What is required: Transcribe verbatim the span of lines that opens with the line containing "A scenic view" and closes with the last line of the data below.

Exercise data: Begin

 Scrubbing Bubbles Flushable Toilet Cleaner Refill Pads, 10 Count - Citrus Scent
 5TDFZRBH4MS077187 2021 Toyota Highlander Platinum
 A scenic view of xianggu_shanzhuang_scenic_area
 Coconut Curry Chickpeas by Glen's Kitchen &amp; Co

Exercise data: End

Response area:
 A scenic view of xianggu_shanzhuang_scenic_area
 Coconut Curry Chickpeas by Glen's Kitchen &amp; Co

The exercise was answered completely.